» **Task brief**: Return the full listing word for word, but drop every picture from it.

» **Recorded information**:
--------------------------------------------------

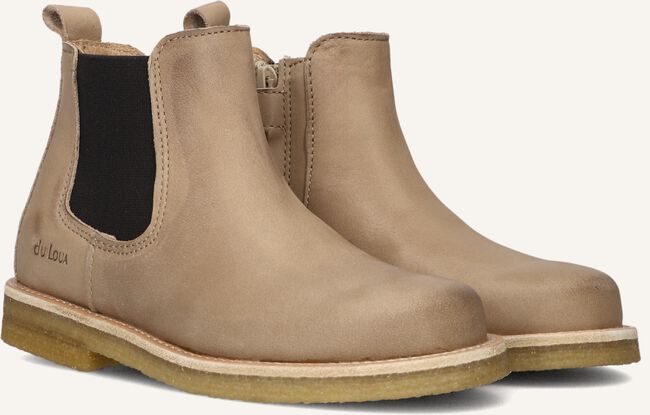 Beige DU LOUA  DU COS Beige DU LOUA  DU COS - large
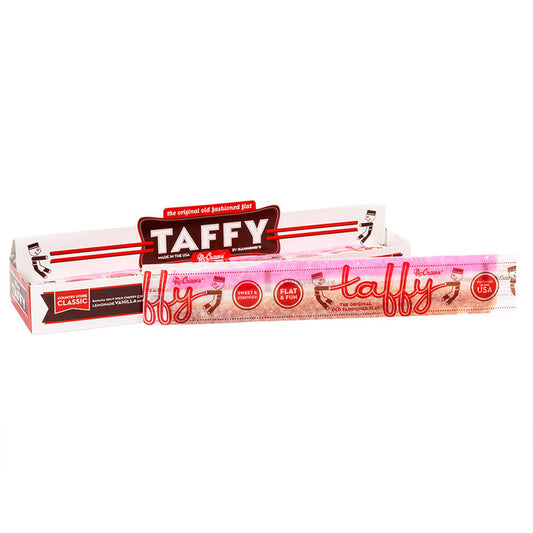 McCraws Giant Taffy - 24ct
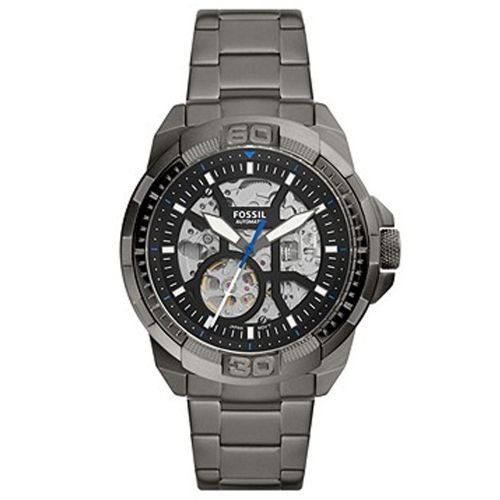 Fossil ME3218 Men’s Watch 44mm Gray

--------------------------------------------------

» **Solved problem**:
 Beige DU LOUA  DU COS Beige DU LOUA  DU COS - large
 McCraws Giant Taffy - 24ct
 Fossil ME3218 Men’s Watch 44mm Gray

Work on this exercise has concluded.